4. che il secondo motivo di ricorso è infondato laddove ascrive alla sentenza impugnata l’acritico recepimento dell’accertamento effettuato in sede penale. Il giudice di appello, infatti, in coerenza con i principi affermati da questa Corte (Cass. 03/01/2011 n. 37; Cass. 03/10/2007 n. 20731), è pervenuto all’accertamento della responsabilità disciplinare del dipendente sulla base di un’autonoma ricostruzione della vicenda già oggetto del giudizio penale. A tal fine ha valorizzato alcune circostanze acquisite al procedimento penale quali la denunzia presentata dal contribuente di avere ricevuto illecite richieste da ufficiali della riscossione dell’esattoria di Monopoli, gli esiti del conseguente servizio di appostamento predisposto dalla polizia giudiziaria ed il connesso arresto in flagranza dell’odierno ricorrente unitamente al collega, elementi questi che ha posto in relazione con la intrinseca attendibilità delle dichiarazioni rese dal contribuente F. sia nel corso delle indagini preliminari che in sede dibattimentale. Sulla base di tale accertamento ha verificato la idoneità della condotta contestata a determinare la definitiva lesione del vincolo fiduciario in un’ottica, quindi, che, correttamente, esclude ogni automatica sovrapponibilità e coincidenza tra valutazione di responsabilità penale e valutazione di responsabilità disciplinare (Cass. 14/03/2005 n. 5504; Cass. 05/08/2000 n. 10315).

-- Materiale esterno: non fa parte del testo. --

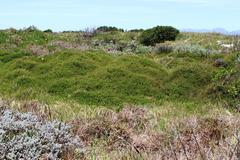 Cliffortia ferruginea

Alla luce di tali argomentazioni le ulteriori censure del ricorrente, che formalmente denunziano violazione del criterio di ripartizione dell’onere della prova, non risultano effettivamente pertinenti con le ragioni del decisum in quanto la sentenza impugnata, laddove ha richiamato gli atti del giudizio penale, non si è posta in contrasto con il principio secondo il quale l’onere della prova della giusta causa di licenziamento fa capo alla parte datoriale nè alcuna affermazione in tal senso è dato rinvenire nella decisione di appello;

5. che a tanto consegue il rigetto del ricorso e il regolamento delle spese di lite secondo soccombenza;

6. che l’attuale condizione del ricorrente di ammesso al patrocinio a spese dello Stato esclude, allo stato, la debenza di quanto previsto dall’art. 13, comma 1 quater (Cass. 02/09/2014 n. 18523).

P.Q.M.

La Corte rigetta il ricorso. Condanna parte ricorrente alla rifusione delle spese di lite che liquida in Euro 5.000,00 per compensi professionali, Euro 200,00 per esborsi, oltre spese forfettarie nella misura del 15% e accessori come per legge.

Così deciso in Roma, il 10 ottobre 2018.